Mauvaise réputation

Publié le 17 mai 2004 Lecture : 2 minutes.

«Ils s’en fichent, c’est ça le problème, commente un témoin qui a eu affaire à des médecins bulgares, en Algérie, dans les années 1980. Je me souviens d’un type, un Français, victime d’un grave accident de la circulation. Transporté dans un hôpital de la capitale, il a été plus ou moins bien soigné pendant trois jours. Le quatrième, le médecin bulgare a constaté qu’il était paralysé. Les équipements de l’hôpital étaient insuffisants, c’est vrai, mais il aurait fallu prendre immédiatement la décision de transférer le blessé à Paris. C’était le seul moyen de sauver ses jambes. »
Les anecdotes de ce type abondent. À l’évidence, les médecins originaires d’Europe de l’Est n’ont pas bonne réputation au Maghreb. On les dit indifférents, sous-qualifiés, incompétents. Parfois de manière injuste. Il s’agit souvent de praticiens diplômés dont la valeur est comparable à celle de leurs confrères occidentaux. La durée des études en Bulgarie est sensiblement la même que dans le reste de l’Europe : six ans, plus un an de stage pratique avant une éventuelle spécialisation.
Le découragement des médecins et du personnel soignant venus d’Europe de l’Est s’explique largement par les conditions de travail très difficiles qu’ils rencontrent dans certains pays du Sud. Ce sont des boucs émissaires tout trouvés. Ils servent à occulter la responsabilité des États, la vétusté des hôpitaux, l’état désastreux du matériel, l’absence d’hygiène, de médicaments, de produits antiseptiques, etc. « Si je défends les infirmières bulgares et le médecin palestinien condamnés à Benghazi, ce n’est pas par réflexe corporatiste, commente le Dr Amadou Cissé, un praticien malien membre de Médecins du monde. La Libye est un pays respectable, mais ce n’est un secret pour personne que son système sanitaire est déficient. » Apparemment, les Bulgares ne sont pas seuls à avoir mauvaise réputation.

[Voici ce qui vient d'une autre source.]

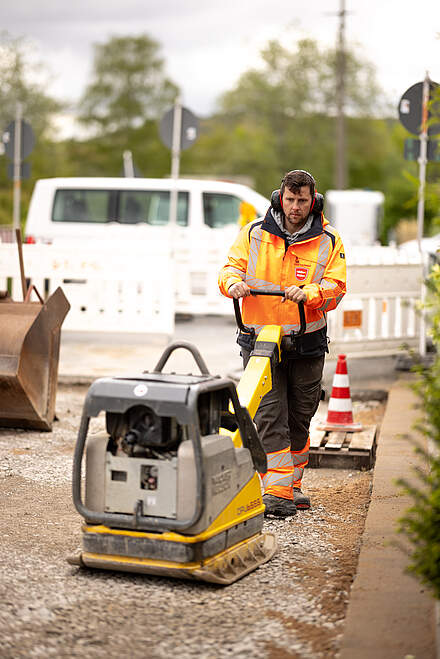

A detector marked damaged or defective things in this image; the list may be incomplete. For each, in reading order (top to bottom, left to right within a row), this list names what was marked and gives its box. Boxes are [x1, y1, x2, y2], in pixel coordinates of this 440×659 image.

rusty metal bucket [0, 288, 69, 434]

Très importantes au temps du communisme, les relations commerciales bulgaro-libyennes sont aujourd’hui quasi nulles. La médecine est le seul domaine où la coopération bilatérale perdure. Quatre mille Bulgares, dont 1 500 médecins, continuent de travailler dans le système de santé libyen. Le moins que l’on puisse dire est qu’il ne doivent pas se sentir très à l’aise.